“Enough is enough,” proclaimed Senator Kirsten Gillibrand at a December 6 press conference. Whatever the details of her colleague Al Franken’s sexual misbehavior, said Gillibrand, who has been aggressively pushing for Congress to tackle its harassment problem, he needed to step down. “I think when we start having to talk about the differences between sexual assault and sexual harassment and unwanted groping, you are having the wrong conversation. You need to draw a line in the sand and say: None of it is OK. None of it is acceptable.”
It most definitely is not. But as the public outrage over sexual misconduct gains force, it is swallowing up an increasingly diverse range of allegations, from the relatively petty (such as those lodged against Franken) to the truly monstrous (such as the claims regarding Harvey Weinstein and Roger Ailes). In between those poles exist almost infinite shades of creepy—which, sadly, will necessitate a great many discussions about how to deal with, and even talk about, the different types of offenses and offenders.

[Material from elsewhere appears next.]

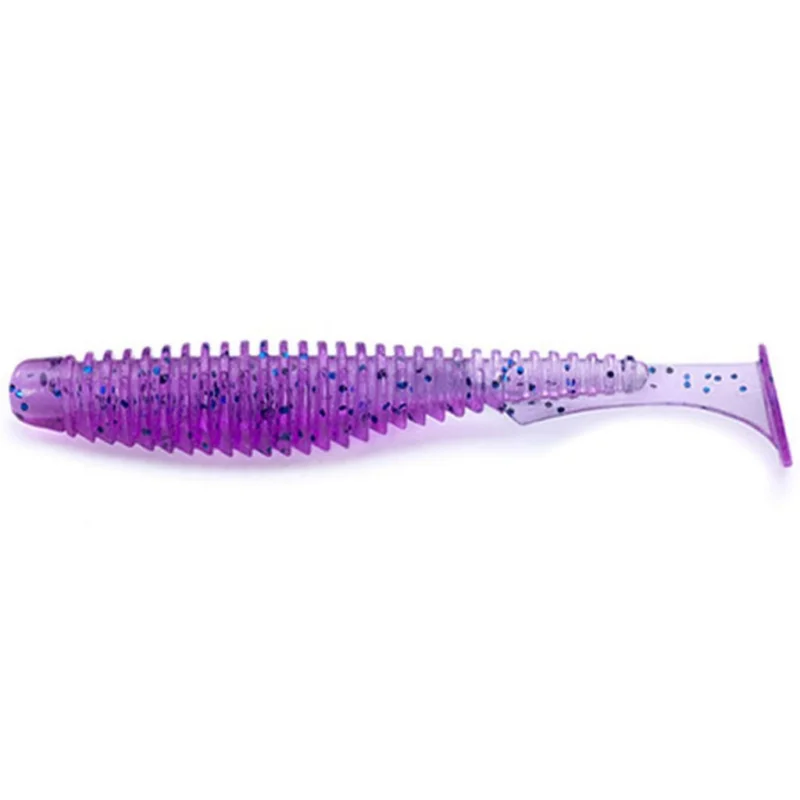 Fishup U-Shad 2"/ 51mm – 014 Violet blue Csak ma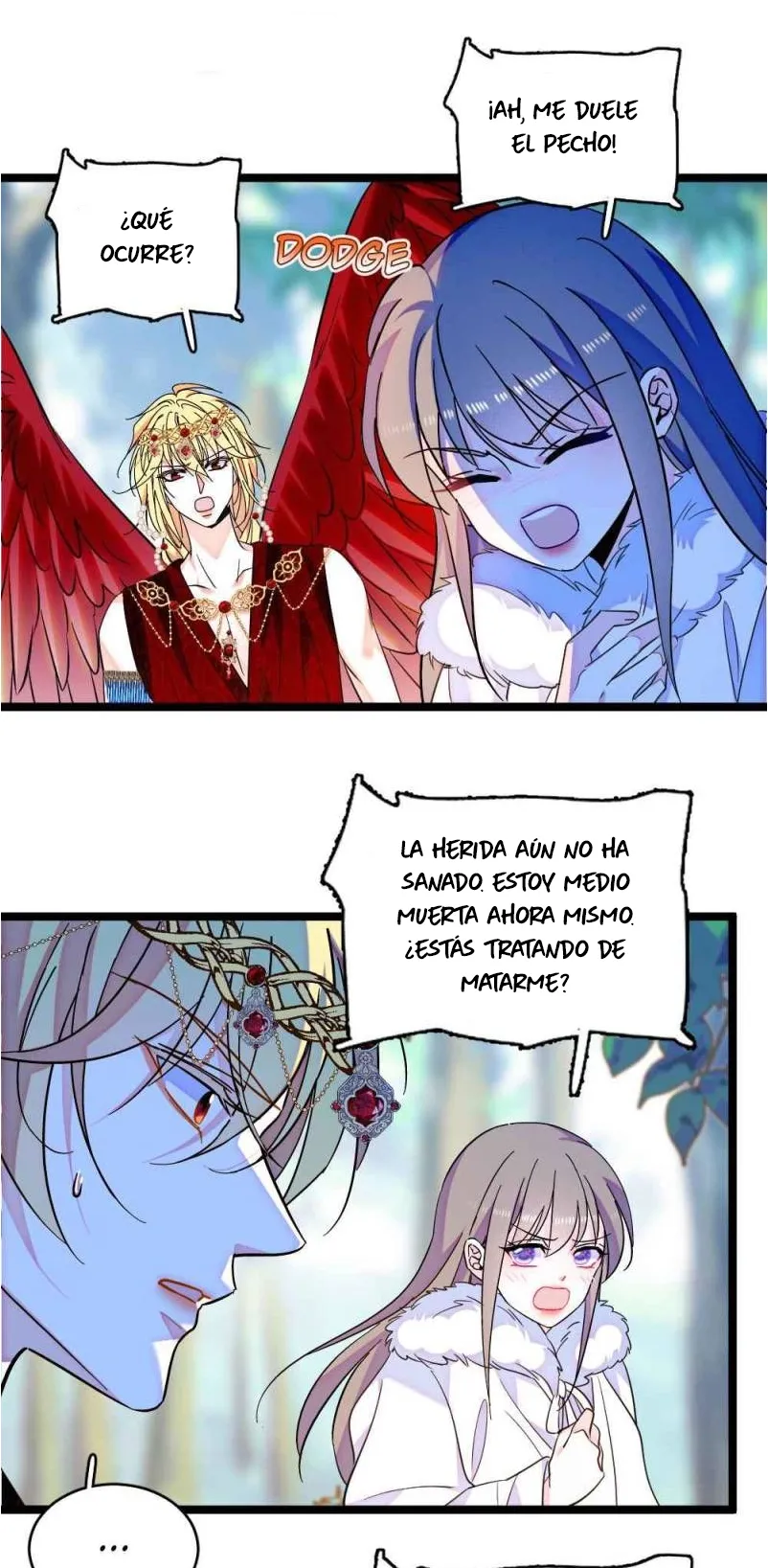 El lindo mundo de las bestias - Capítulo 336 - Página 20 - LectorTMOo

This is, in some ways, uncharted territory. In the past, questions of culpability were largely left to the legal realm: As long as a man didn’t get arrested or lose a lawsuit—and sometimes even if he did—he could get away with an awful lot while suffering little more than a bad-boy reputation. But the current reckoning is different, a rising tide of public shaming driven in part by shifting attitudes and expectations among younger women. Going forward, it’s hard to tell how the new lines will be drawn, much less where.